New high-quality footage of the Titanic’s wreckage released this week has provided “amazing” new images from the site which experts hope will enable scientists to figure out the speed at which the sunken ship is rotting.
The 8K video by underwater exploration firm OceanGate Expeditions is the highest quality clip ever taken of the wreck, showcasing the Titanic’s bow, portside anchor, hull, anchor chain and the crane used to deploy the anchor.
“I’ve been studying the wreck for decades, and have completed multiple dives, and I can’t recall seeing any other image showing this level of detail,” said Rory Golden, a veteran Titanic diver.
Golden said that among the features that can be seen for the first time in the clip is the single-ended boiler, a part of the Titanic’s engine room that sunk to the ocean floor when the ship sunk.
“One of the most amazing clips shows one of the single-ended boilers that fell to the ocean’s floor when the Titanic broke into two,” Golden told Sky News.

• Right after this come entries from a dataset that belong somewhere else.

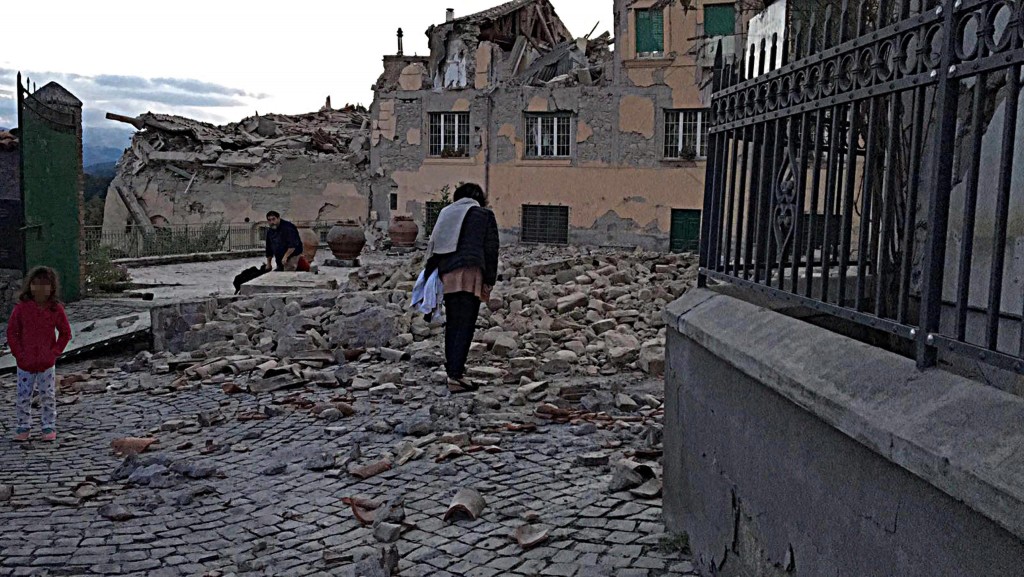 Italië is in de nacht van dinsdag op woensdag getroffen door een behoorlijk zware aardbeving. Zeker dertien mensen zijn om het leven gekomen en het dodental kan nog oplopen. Huizen zijn ingestort. Onder het puin zoeken burgers en reddingswerkers naar doden en overlevenden.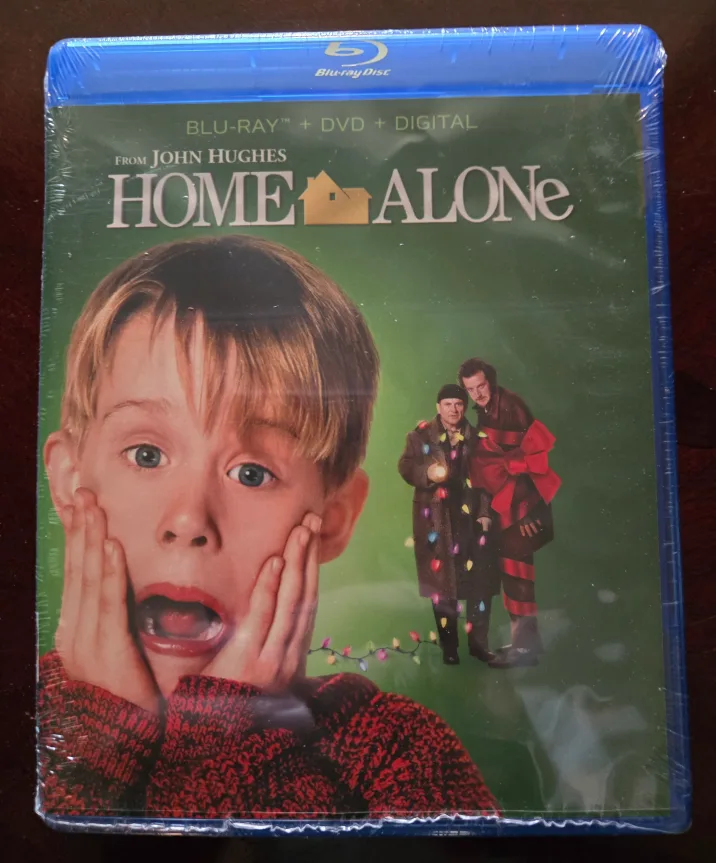 Home Alone Blu-Ray + DVD thumbnail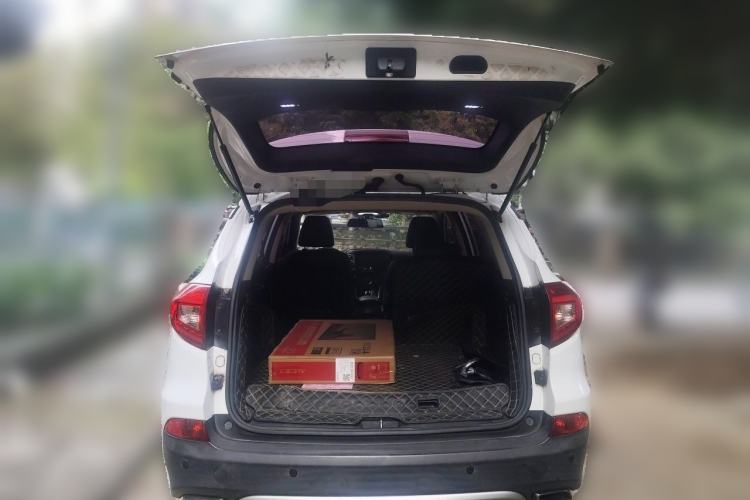 Used BYD Song New Energy 2017 Song DM 1.5TID All-Wheel Drive Luxury Model Trunk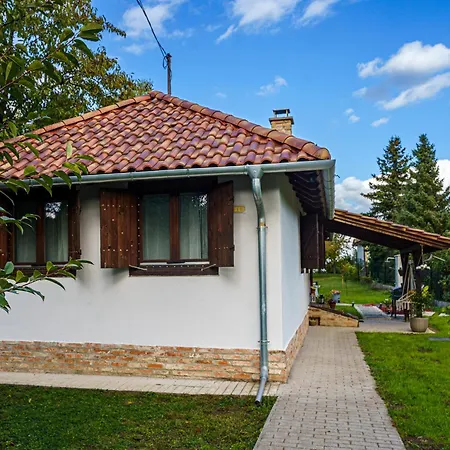 A Kulcshoz Menedek * Kulcs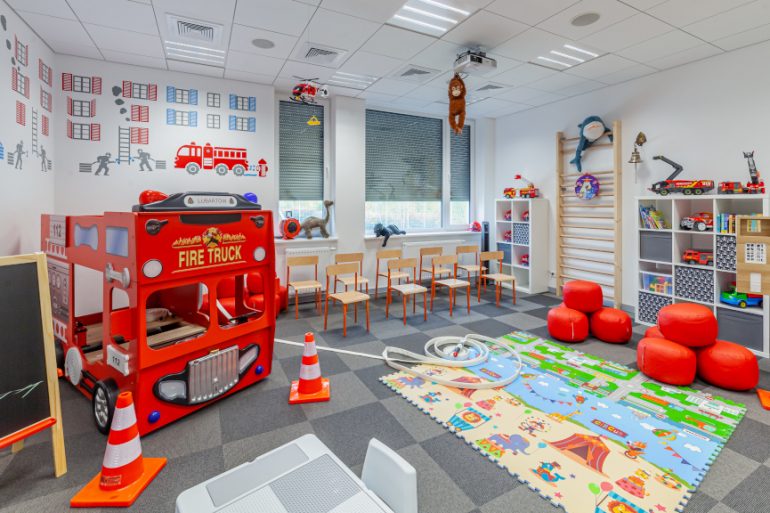 Widok ogólny wnętrza sali edukacyjnej OGNIK w Lubartowie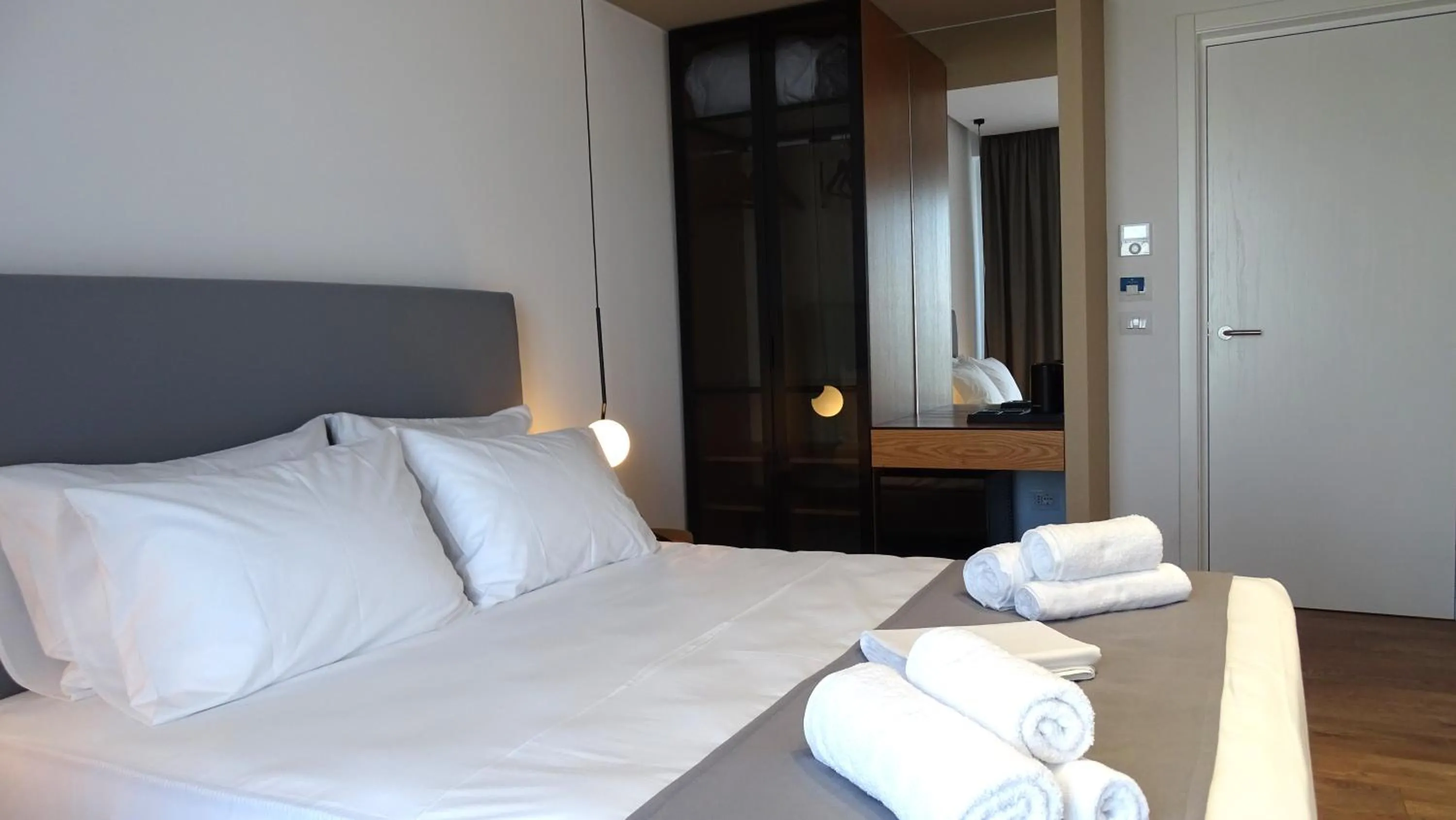 Bed in Valmar Hotel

“I had never seen the name of the anchor maker, ‘Noah Hingley & Sons Ltd.,’ on the portside anchor,” he said.
“It is exciting that, after so many years, we may have discovered a new detail that wasn’t as obvious with previous generations of camera technologies,” he said.
Academics have noticed slight changes to the sunken vessel since the 2022 expedition, which will aid in their studies of the Titanic’s decay.
Out of 2,240 passengers, more than 1,500 people died when the Titanic sunk on April 15, 1912, after the luxury ship — then the largest passenger liner ever built — struck an iceberg in the North Atlantic Ocean on its maiden voyage from Southampton, England to New York City.
The shipwreck was found in September 1985 by American explorer Robert Ballard and French scientist Jean-Louis Michel, around 370 nautical miles from Newfoundland in Canada.